**Exercise requirements:** Below are entries with pictures among them; reproduce exactly, and only, the lines from the one containing "Voices unheard methodologicall" down to the one containing "Austropressen - Model", without the pictures.

**Materials provided:**
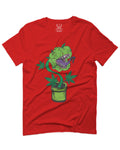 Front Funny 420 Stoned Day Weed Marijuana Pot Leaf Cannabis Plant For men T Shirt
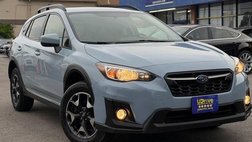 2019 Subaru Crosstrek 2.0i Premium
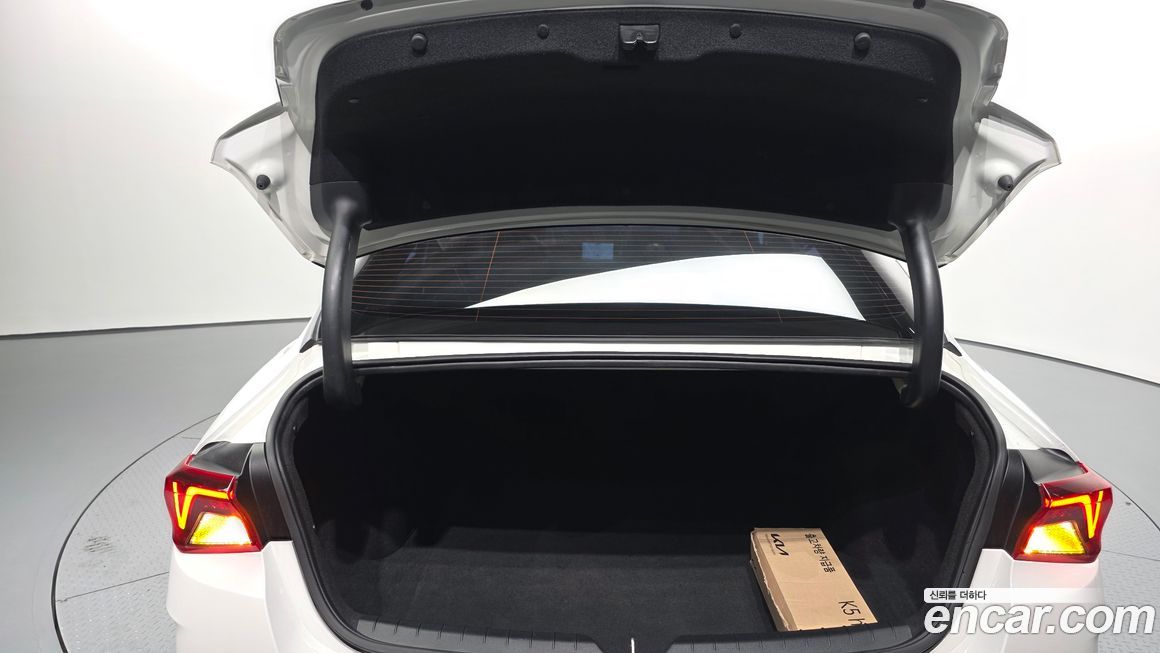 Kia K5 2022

--

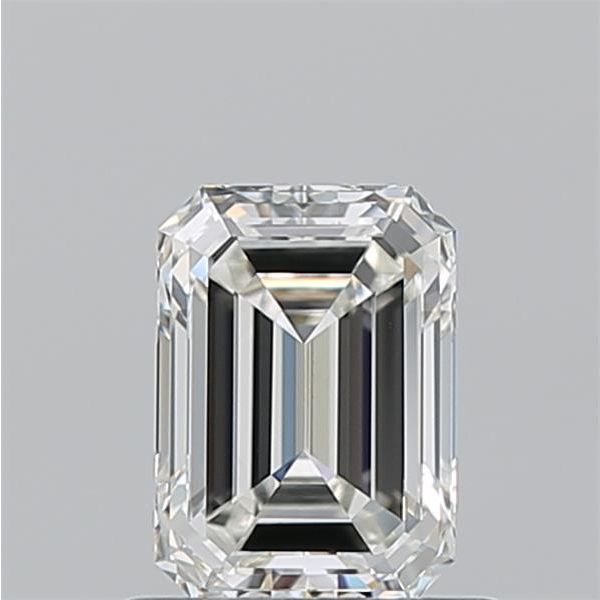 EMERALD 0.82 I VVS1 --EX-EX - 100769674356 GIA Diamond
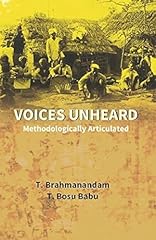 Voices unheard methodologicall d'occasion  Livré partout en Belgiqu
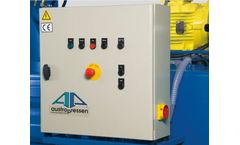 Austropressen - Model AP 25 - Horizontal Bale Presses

**Result of the task:**
 Voices unheard methodologicall d'occasion  Livré partout en Belgiqu
 Austropressen - Model AP 25 - Horizontal Bale Presses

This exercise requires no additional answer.